Page MenuHomePhabricator

Not enough memory for ImportDump.php
Closed, ResolvedPublic

Description

Author: andras.fabian

Description:
I was experimenting with importing the latest en.wikipedia XML dump to my MySQL
database, but allways failed (at around 800.000 pages - which is only about 1/3
of the current db). The reason was very simple: the importer allways ate up my
complete memory (2 GB RAM + 1 GB swap = 3GB) withhin hours, and the php bailed out.
I was looking for the reason for days, and finally I found it (should have
thought about it earlier). It is the CacheManager. It puts every Title in the
cache, and never frees it up. But somehow I don't see the point, why the
importer needs the cache at all, whe one only looks for an ArticleID? But I
found a workaround:
In the SpecialImport.php there are the following lines:

		$article = new Article( $this->title );
		$pageId = $article->getId();
		if( $pageId == 0 ) {
			# must create the page...
			$pageId = $article->insertOn( $dbw );
		}

Now the $article->getId() call is the culprit, because at this point the Title
it is put to the cache (article->getId is calling $this->mTitle->getArticleID()
and getArticleID() puts the new Title object to the cache).
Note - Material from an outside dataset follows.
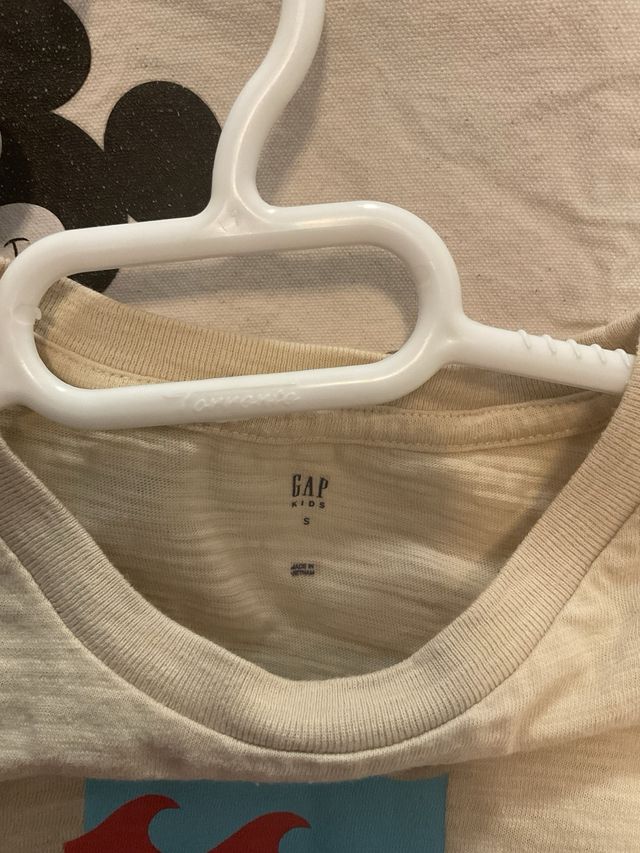 Camiseta niño Gap tiburón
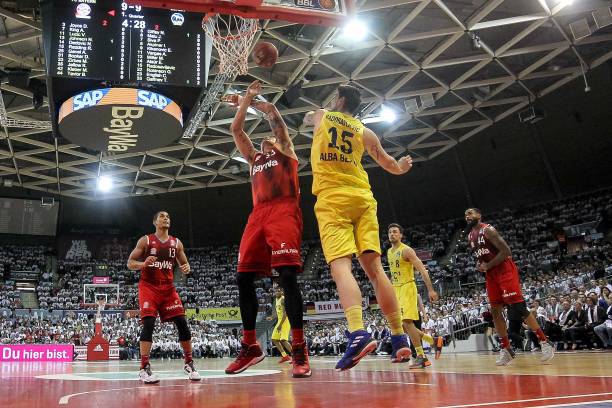 凭借心理上 凭借心理上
But this checking
for existing articleId is not necessary at all, if one only imports the current
Pages (and not all!), because there the PageID's are distinct and the DB should
be empty (and no existing Articles).

The solution: comment out $pageId = $article->getId() and replace it by $pageId = 0

Now this is a hack, and should be made configurable (or turn on/off from command
line) becaues people who import the ALL XML will need this feature (nevertheless
I can't imagine, how one could succeed with it, as this will need many-many GB
of RAM).


Version: 1.5.x
Severity: normal

Details

Reference
bz3182

Event Timeline

bzimport raised the priority of this task from to Medium.Nov 21 2014, 8:45 PM
bzimport set Reference to bz3182.
bzimport added a subscriber: Unknown Object (MLST).

I would not expect CacheManager to be invoked during this process at all; it's used
when viewing pages if the file cache is on. Further, a CacheManager shouldn't
actually keep any data around or grow it as I understand.
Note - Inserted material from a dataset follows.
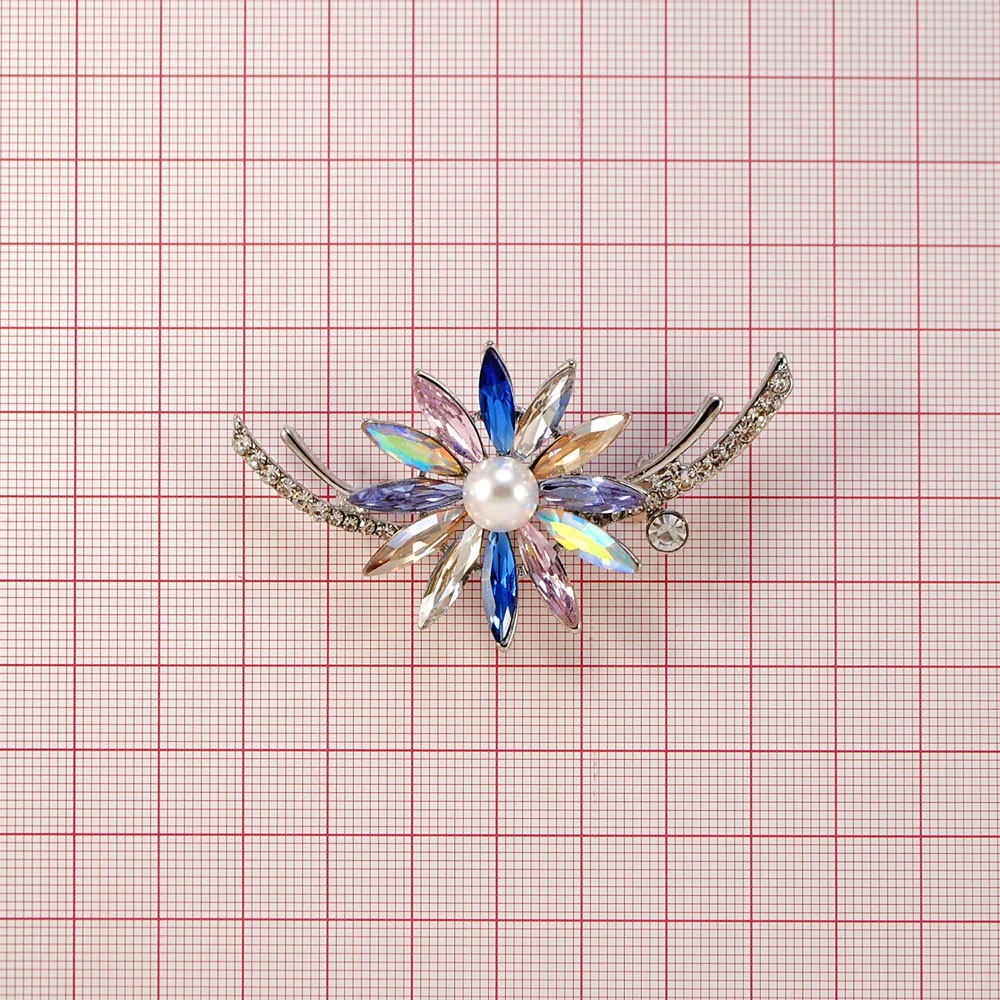 Брошь Цветок 12 NIKEL, белый жемчуг, цветные камни, шт . Броши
Can you clarify what you are referring to?

andras.fabian wrote:

You can reproduce this behaviour very easily. Take for example the big (1 GB)
http://download.wikipedia.org/wikipedia/en/pages_current.xml.gz and feed it
maintenance/importDump.php. The just looking at "top" you will see, how fast the
memory consumption of the PHP process is growing (and consequently free memory
is going away rapidly). Now, if you do comment out in SpecialImport.php the line
$article->getId() (which should be obsolete, if you are importing a "current"
dump, because if I understand it correctly it has every page only once - the
current/latest version) then you will see the big differenc. The PHP process
will not grow in memory needs (nly 27-30 Mbyte on my computer) and the import is
running well until the end.
The reason for the big memory consumption is (as far as I understand from
reading the code):
article->getId() is calling $this->mTitle->getArticleID(). Then if I look into
Title.php at "funcion getArticleID" then I see in both branches of the "if" clause:
$this->mArticleID = $wgLinkCache->addLinkObj( $this )
And I suspect, that addLinkObj is the one, who is consuming memory. Because, if
it happens for every Title object during the import process without making any
memory cleaning, at some point you run out of memory.

So when you claimed that CacheManager was at fault, you meant LinkCache?
That at least makes sense. :)

Checking for existing pages is absolutely required, since not all imports will be conflict-free.
However disabling the link cache for these checks is probably in order.

Toss this into WikiRevision::importOldRevision() in SpecialImport.php:

+ // avoid memory leak...?
+ global $wgLinkCache;
+ $wgLinkCache->clear();

Done in CVS HEAD and REL1_5; will be in next 1.5 release.